New pieces of artwork are being created to celebrate Hull's maritime history.
As part of the Hull Maritime project, artists are creating a visualisation of Hull Maritime Museum’s popular 40ft North Atlantic Right Whale skeleton.
Contemporary British artists, Heinrich and Palmer, have used 3D laser scanning technology to capture data from the skeleton, which they will use alongside additional scans from other items in the museum's collection to create two new works.
These will include a digital film, reanimating the 110-year-old skeleton, which will go on display inside the newly refurbished Hull Maritime Museum.
The second display will feature a series of stone waymarkers connecting the routes leading from the museum, through Queens Gardens and on to the North End Ship Yard and the Spurn Lightship.

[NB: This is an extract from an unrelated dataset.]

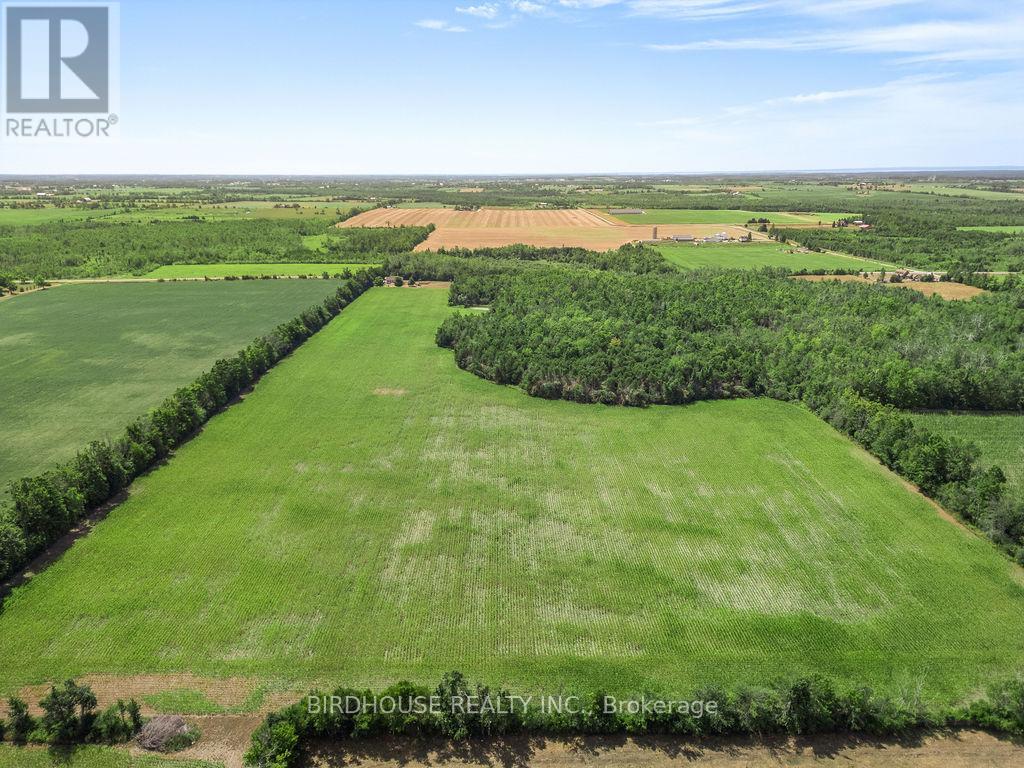 277 Sandhills Road, Kawartha Lakes, Ontario  K0M 2T0 - Photo 49 - X12347374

With only an estimated 400 north Atlantic right whales left in the world, the exhibit hopes to raise awareness of conservation challenges facing the species.

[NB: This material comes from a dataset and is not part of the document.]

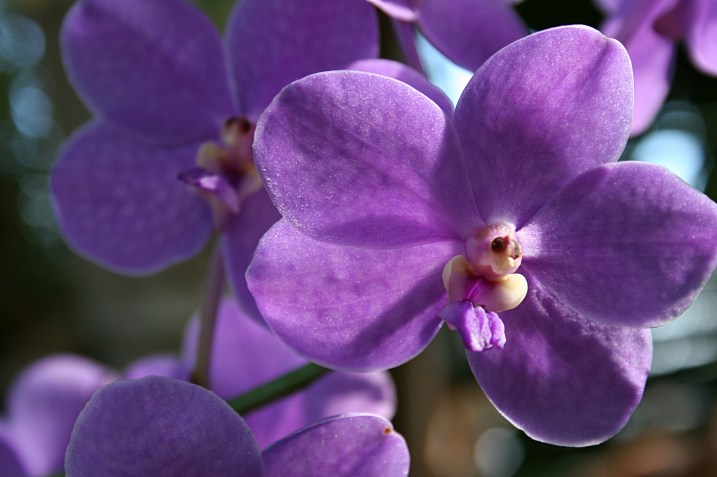 Admire the simplistic beauty of orchids.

The artworks are the first to be commissioned as part of Hull City Council's multi-million pound investment to bring the city’s rich and powerful maritime story to life.
Councillor Daren Hale, from Hull City Council said:
“This is a unique and rare opportunity to create artwork to tell the city’s rich maritime story.
As part of the project, other artists have also been commissioned to develop new artwork, films and installations.